You are viewing a plain text version of this content. The canonical link for it is here.
Posted to commits@arrow.apache.org by ze...@apache.org on 2023/05/22 14:52:06 UTC
[arrow] branch main updated: GH-35684: [Go][Parquet] Fix nil dereference with nil list array (#35690)
This is an automated email from the ASF dual-hosted git repository.
zeroshade pushed a commit to branch main
in repository https://gitbox.apache.org/repos/asf/arrow.git
The following commit(s) were added to refs/heads/main by this push:
new 584dc7bcde GH-35684: [Go][Parquet] Fix nil dereference with nil list array (#35690)
584dc7bcde is described below
commit 584dc7bcde7afa0c67cedf737bac6b4b7a221088
Author: Matt Topol <zo...@gmail.com>
AuthorDate: Mon May 22 10:51:58 2023 -0400
GH-35684: [Go][Parquet] Fix nil dereference with nil list array (#35690)
### Rationale for this change
If a column to be written to parquet is a list array with only nulls in it, then the child will be empty and potentially have nil buffers. This case isn't checked in the `writeDenseArrow` function, so we blindly attempt to grab the bytes from the buffers which might be nil.
### What changes are included in this PR?
Adding a check of `leafArr.Len()` at the top of `writeDenseArrow`. If the leaf array's length is > 0 we can be sure that the data buffer is non-nil. So we can just bail if the leaf array is empty, nothing to write.

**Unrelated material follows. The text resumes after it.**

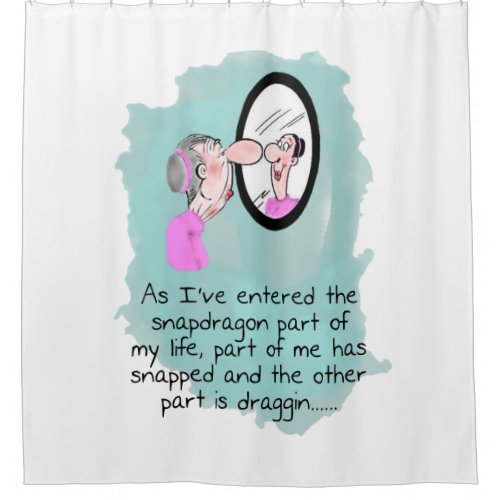 Funny Old Woman in Looking Glass Shower Curtin Shower Curtain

### Are these changes tested?
Unit test is added.
* Closes: #35684
Authored-by: Matt Topol <zo...@gmail.com>
Signed-off-by: Matt Topol <zo...@gmail.com>
---
go/parquet/pqarrow/encode_arrow.go | 30 ++++++++++++++++++++----------
go/parquet/pqarrow/encode_arrow_test.go | 32 ++++++++++++++++++++++++++++++++
2 files changed, 52 insertions(+), 10 deletions(-)
diff --git a/go/parquet/pqarrow/encode_arrow.go b/go/parquet/pqarrow/encode_arrow.go
index a7a1f113e9..dea412c8b9 100644
--- a/go/parquet/pqarrow/encode_arrow.go
+++ b/go/parquet/pqarrow/encode_arrow.go
@@ -287,12 +287,16 @@ func writeDenseArrow(ctx *arrowWriteContext, cw file.ColumnChunkWriter, leafArr
case arrow.INT32:
data = leafArr.(*array.Int32).Int32Values()
case arrow.DATE32, arrow.UINT32:
- data = arrow.Int32Traits.CastFromBytes(leafArr.Data().Buffers()[1].Bytes())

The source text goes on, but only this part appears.